China’s new AI star DeepSeek grew on more than a shoestring budget
In 2022, a team of AI engineers in southern China working for the parent company of DeepSeek proudly unveiled a new AI supercomputer and said they were making it available free of charge to researchers across the nation. The sleek banks of gray machines whirring beneath fluorescent lights had been constructed from 10,000 A100 graphics processing units, or GPUs, purchased from the U.S. company Nvidia, the world’s leading maker of AI chips. The 2021 bulk buy was timely. By autumn 2022, Washington had banned Nvidia from selling any more A100s to China, in an effort to slow the country’s AI advances. Meanwhile, Nvidia chips were becoming scarce worldwide since the launch of ChatGPT in late 2022 sparked a global hoarding frenzy. DeepSeek’s new chatbot caused a panic in Silicon Valley and on Wall Street this week, erasing $1 trillion from the stock market. That impact stemmed in large part from the company’s claim that it had trained one of its recent models on a minuscule $5.6 million in computing costs and with only 2,000 or so of Nvidia’s less-advanced H800 chips. Nvidia saw its soaring value crater by $589 billion Monday as DeepSeek rocketed to the top of download charts, prompting President Donald Trump to call for U.S. industry to be “laser focused” on competing.

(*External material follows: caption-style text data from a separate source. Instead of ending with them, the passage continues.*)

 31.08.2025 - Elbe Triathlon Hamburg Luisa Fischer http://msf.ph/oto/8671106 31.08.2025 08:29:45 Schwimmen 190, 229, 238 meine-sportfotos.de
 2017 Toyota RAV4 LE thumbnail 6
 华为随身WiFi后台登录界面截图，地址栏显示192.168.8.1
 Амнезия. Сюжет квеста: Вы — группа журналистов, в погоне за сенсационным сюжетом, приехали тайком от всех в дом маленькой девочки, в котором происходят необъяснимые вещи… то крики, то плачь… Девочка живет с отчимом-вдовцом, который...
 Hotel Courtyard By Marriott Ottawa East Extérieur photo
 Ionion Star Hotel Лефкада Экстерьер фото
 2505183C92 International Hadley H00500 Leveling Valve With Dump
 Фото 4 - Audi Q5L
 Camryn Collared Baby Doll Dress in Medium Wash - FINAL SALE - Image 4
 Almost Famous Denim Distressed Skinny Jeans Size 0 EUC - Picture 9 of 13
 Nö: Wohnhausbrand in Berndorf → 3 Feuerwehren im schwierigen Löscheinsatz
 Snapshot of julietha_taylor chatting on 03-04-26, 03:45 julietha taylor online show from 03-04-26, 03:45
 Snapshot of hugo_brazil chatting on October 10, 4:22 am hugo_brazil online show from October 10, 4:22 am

Nvidia CEO Jensen Huang met with Trump on Friday, as U.S. officials probe whether DeepSeek may have bought advanced Nvidia chips through third parties to circumvent U.S. export controls.
The earlier supercomputing project by DeepSeek’s parent company, High-Flyer, helped forge connections to AI researchers across China and suggests that DeepSeek had a major boost before it seemed to hurtle out of nowhere in recent days with technology comparable to that of the leading U.S. AI companies.
Much about how the company achieved this feat is unclear. But a closer look at DeepSeek reveals that its parent company deployed a large and sophisticated chip set in its supercomputer, leading experts to assess the total cost of the project as much higher than the relatively paltry sum that U.S. markets reacted to this week.
While High-Flyer has been around since 2015, DeepSeek is officially only two years old. ChatGPT’s maker, OpenAI, has said it is investigating whether DeepSeek may have “inappropriately” distilled its models.
DeepSeek and High-Flyer did not respond to requests for comment.
DeepSeek’s claim that it spent only $5.6 million in training one of its advanced models highlighted a tiny sum compared with the costs that U.S. companies have been underwriting.
OpenAI chief executive Sam Altman has said GPT-4 cost more than $100 million to train.
The research firm SemiAnalysis estimated Friday that DeepSeek has spent more than half a billion dollars on GPUs.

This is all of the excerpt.